Eclectic Ballard comfortable — but pricey

Ballard is still coming to terms with being cool. According to real-estate agent Deborah Arends, "everything has changed" in the 14 years she has lived in the northwest Seattle neighborhood.

"It used to be a place people came because it was cheap," Arends said. "Now anything called Ballard is pricey."

Roughly defined as north of the Ship Canal, south of Northwest 105th Street and west of Eighth Avenue Northwest, Ballard has come to be seen as an eclectic, family-friendly neighborhood.

There were 61 galleries, shops and other businesses open for Ballard's most recent Second Saturday Art Walk. The Sunday Farmers Market amid the historic brick facades of Ballard Avenue offers seafood, cheese, organic fruits and vegetables, crafts and flowers. The crepe stand does great business, and couples happily eat sitting on the curb watching the street market's bustle.

Ballard is a hip neighborhood that is still most comfortable wearing T-shirts and jeans. Resident Tom Knee said the maritime and industrial core is precisely what attracts people. "It keeps the neighborhood honest," he said.
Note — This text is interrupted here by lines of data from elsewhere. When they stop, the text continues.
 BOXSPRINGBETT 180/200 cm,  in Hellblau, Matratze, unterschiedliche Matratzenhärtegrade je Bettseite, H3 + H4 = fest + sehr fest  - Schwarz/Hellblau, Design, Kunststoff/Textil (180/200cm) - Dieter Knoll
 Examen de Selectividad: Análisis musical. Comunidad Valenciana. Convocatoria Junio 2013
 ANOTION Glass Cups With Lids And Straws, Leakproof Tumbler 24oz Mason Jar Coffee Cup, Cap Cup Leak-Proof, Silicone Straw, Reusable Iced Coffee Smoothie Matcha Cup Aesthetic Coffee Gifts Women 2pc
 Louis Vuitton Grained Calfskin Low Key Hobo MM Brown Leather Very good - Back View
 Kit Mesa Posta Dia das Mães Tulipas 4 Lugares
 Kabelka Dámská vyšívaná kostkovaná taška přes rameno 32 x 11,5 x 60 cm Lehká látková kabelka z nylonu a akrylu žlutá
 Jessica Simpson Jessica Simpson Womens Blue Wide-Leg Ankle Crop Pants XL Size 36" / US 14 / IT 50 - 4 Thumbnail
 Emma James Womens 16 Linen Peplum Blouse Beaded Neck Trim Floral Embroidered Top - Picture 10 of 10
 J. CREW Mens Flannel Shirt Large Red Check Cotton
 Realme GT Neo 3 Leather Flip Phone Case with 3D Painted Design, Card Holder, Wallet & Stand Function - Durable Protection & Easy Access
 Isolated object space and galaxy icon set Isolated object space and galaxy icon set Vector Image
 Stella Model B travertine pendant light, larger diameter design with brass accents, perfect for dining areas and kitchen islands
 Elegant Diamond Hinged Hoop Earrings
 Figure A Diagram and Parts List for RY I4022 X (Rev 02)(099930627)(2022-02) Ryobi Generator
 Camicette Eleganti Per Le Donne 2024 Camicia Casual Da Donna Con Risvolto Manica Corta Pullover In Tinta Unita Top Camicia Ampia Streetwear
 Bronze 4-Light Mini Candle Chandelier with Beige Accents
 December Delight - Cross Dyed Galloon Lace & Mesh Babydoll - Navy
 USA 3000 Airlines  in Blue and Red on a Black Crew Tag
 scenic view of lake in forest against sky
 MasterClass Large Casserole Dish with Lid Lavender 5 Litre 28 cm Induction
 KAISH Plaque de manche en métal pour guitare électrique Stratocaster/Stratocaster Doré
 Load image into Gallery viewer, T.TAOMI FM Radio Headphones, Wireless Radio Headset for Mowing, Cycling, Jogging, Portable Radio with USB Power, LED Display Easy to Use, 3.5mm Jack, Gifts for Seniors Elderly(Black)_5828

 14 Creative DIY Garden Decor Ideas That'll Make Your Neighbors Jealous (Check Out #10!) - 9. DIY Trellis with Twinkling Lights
Even the industrial businesses are finding ways to keep up with the changes. Family-owned Ballard Oil, a landmark on the docks for 60 years, has a quirky set of daily headline news links on its Web site. And Dr. Dan's Alternative Fuel Werks, on Northwest 50th Street, offers a local source of biodiesel.

Sara Wise of the architecture firm Edge said the neighborhood's mixed use is crucial.

"I can walk down the street to talk to the steel guy instead of exchanging a bunch of faxes," she said.

Wise loves the juxtaposition of shops.

"There is an organic gardening store next to a galvanizing business next to a brewery where you can get a great lunch for $5.50," Wise said.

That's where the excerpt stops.